#### Task requirements:
Return the data below exactly, but only from the line containing "Giày golf nữ" through the line containing "Fendi-Swimsuit Code: BY3687 $: 37USD", with both of those lines included.

#### Source information:
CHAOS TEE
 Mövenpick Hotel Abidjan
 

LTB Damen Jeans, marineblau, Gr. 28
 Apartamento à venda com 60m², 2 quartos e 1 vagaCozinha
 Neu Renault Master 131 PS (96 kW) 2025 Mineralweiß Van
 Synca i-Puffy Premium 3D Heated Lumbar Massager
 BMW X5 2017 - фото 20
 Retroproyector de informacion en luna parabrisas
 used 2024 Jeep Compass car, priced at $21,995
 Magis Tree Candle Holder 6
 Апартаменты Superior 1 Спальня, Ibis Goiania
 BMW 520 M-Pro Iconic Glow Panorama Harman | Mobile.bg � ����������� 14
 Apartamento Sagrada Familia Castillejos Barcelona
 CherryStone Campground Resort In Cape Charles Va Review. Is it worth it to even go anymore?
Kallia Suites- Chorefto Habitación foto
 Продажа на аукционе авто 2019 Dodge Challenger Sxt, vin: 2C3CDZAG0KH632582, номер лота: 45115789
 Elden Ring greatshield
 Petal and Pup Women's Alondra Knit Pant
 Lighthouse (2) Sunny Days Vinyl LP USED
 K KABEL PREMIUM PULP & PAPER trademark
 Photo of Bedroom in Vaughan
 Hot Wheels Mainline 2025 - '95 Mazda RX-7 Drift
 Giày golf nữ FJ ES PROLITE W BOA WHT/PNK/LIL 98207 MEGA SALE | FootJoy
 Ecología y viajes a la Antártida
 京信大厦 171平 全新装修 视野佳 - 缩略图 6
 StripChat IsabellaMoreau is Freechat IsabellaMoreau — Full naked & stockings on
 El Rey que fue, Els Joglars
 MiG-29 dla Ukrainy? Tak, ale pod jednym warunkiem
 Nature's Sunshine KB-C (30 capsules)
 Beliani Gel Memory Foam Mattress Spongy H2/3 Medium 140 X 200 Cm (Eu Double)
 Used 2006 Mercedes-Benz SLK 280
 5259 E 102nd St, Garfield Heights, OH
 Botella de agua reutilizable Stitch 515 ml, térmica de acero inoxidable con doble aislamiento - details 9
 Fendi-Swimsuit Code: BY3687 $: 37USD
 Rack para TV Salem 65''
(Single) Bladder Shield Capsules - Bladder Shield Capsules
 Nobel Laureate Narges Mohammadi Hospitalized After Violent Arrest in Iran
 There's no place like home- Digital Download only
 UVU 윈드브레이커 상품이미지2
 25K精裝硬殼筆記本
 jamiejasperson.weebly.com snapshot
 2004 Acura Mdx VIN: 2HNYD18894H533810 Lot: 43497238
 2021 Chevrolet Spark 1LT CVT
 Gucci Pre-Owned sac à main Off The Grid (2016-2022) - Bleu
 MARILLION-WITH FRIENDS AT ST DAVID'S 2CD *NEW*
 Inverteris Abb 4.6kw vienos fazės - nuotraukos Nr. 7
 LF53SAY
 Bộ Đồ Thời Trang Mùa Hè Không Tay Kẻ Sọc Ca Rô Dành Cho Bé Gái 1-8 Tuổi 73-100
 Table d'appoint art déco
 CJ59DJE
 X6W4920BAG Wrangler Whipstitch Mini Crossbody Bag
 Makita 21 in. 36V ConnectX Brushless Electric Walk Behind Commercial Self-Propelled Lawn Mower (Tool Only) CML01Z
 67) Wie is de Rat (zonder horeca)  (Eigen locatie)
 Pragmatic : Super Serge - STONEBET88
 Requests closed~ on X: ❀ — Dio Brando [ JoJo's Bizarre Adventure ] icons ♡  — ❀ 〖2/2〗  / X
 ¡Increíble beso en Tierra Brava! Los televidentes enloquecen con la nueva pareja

#### Exercise response:
 Giày golf nữ FJ ES PROLITE W BOA WHT/PNK/LIL 98207 MEGA SALE | FootJoy
 Ecología y viajes a la Antártida
 京信大厦 171平 全新装修 视野佳 - 缩略图 6
 StripChat IsabellaMoreau is Freechat IsabellaMoreau — Full naked & stockings on
 El Rey que fue, Els Joglars
 MiG-29 dla Ukrainy? Tak, ale pod jednym warunkiem
 Nature's Sunshine KB-C (30 capsules)
 Beliani Gel Memory Foam Mattress Spongy H2/3 Medium 140 X 200 Cm (Eu Double)
 Used 2006 Mercedes-Benz SLK 280
 5259 E 102nd St, Garfield Heights, OH
 Botella de agua reutilizable Stitch 515 ml, térmica de acero inoxidable con doble aislamiento - details 9
 Fendi-Swimsuit Code: BY3687 $: 37USD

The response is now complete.